Impulsively she left Isabel and came to him. "Don't think any more about it!" she said. "I'll go to bed and be good."
"You always are," said Scott, faintly smiling.
"No, no, I'm not! What a fib! You know I'm not. But I'm going to be good this time—so that you shall have something nice to remember me by." Dinah's voice quivered still, but she managed to smile.
He gave her a quick look. "You will always be the pleasantest memory I have," he said.
The words were quietly spoken, so quietly that they sounded almost matter-of-fact. But Dinah flushed with pleasure, detecting the sincerity in his voice.
"It's very nice of you to say that," she said, "especially as I deserve it so little. Thank you, Mr.—Scott!" She uttered the name timidly. She had never ventured to use it before.
He held out his hand to her. "Oh, drop the prefix!" he said. "Call me
Stumpy like the rest of the world!"
But Dinah shook her head with vehemence. There were tears standing in her eyes, but she smiled through them. "I will not call you Stumpy!" she declared. "It doesn't suit you a bit.
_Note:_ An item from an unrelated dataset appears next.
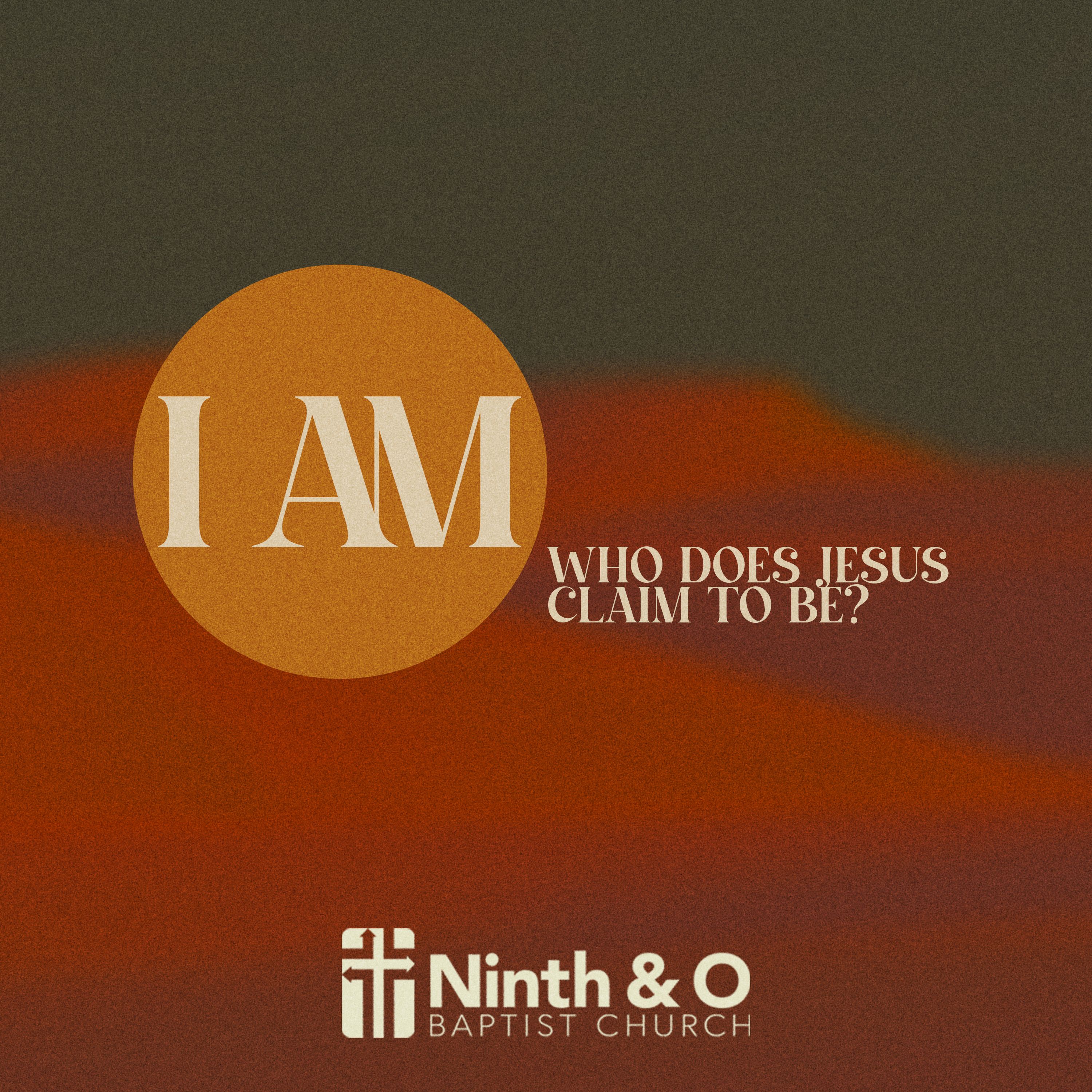I Am the True Vine: Abiding in Christ Is the Key to a Fruitful Life (John 15:1–11) - Dr. Bill Cook episode artwork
I never even think of you by that name. It—it is perfectly ludicrous applied to you!"
"Some people think I am ludicrous," observed Scott.
His hand grasped hers firmly for a moment, and let it go. The steadfast friendliness in his eyes shone out like a beacon. And there came to Dinah a swift sense of great and uplifting pride at the thought that she numbered this man among her friends.